Special scenarios include H1N1 infection, where early deployment of ECMO is associated with better outcomes, and delay may adversely affect the risk/benefit ratio. In addition, use of ECMO as a bridge-to-transplant for lung recipients should be considered when maximal medical therapy is insufficient. Many programs utilize ambulatory ECMO to improve the respiratory status and conditioning prior to transplant.

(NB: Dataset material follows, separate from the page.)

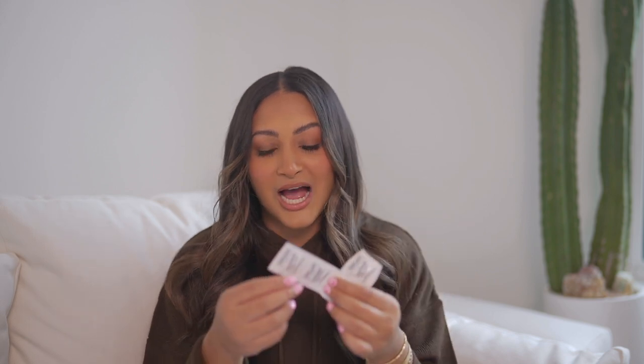Last but certainly not least, we have Lactaid pills. You guys didn't know I'm lactose intolerant — kind of sucks, but it's life. I'm really just thankful there are solutions like this. I cannot stay away from dairy. I found out I was lactose intolerant in fifth grade and started crying because I was a milk baby — I loved to drink straight up milk. Now I have my lactose-free milk and dairy-free yogurt, but I still drink milkshakes, eat ice cream, pasta sauce. If I know we're going out to eat, I have to take two of these. I have the off-brand Kirkland version.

ECMO as a bridge to lung transplantation has significantly increased during the last 10 years. A recent analysis of the UNOS database showed that the use of ECMO at the time of lung transplantation has grown 150% in the last 24 months compared to all previous decades (1970–2010). This increase in utilization is reflected in the growing success reported with the use of different ECMO modalities in patients awaiting lung transplantation. We recently submitted our experience with the use of ambulatory ECMO as a bridge to lung transplantation, reporting the use of ECMO in 31 patients with end-stage lung disease. In our series, all of the patients were awake and the vast majority followed an “algorithm-directed” ECMO management program that involved the use of physical therapy and ambulation in preparation for lung transplant. In our series, the 30-day, 1-year, 3-year and 5-year survival was 97%, 92%, 83%, and 66%, respectively.2 A summary of a modern series of patients bridged to lung transplant while on ECMO is presented in Table 113-1.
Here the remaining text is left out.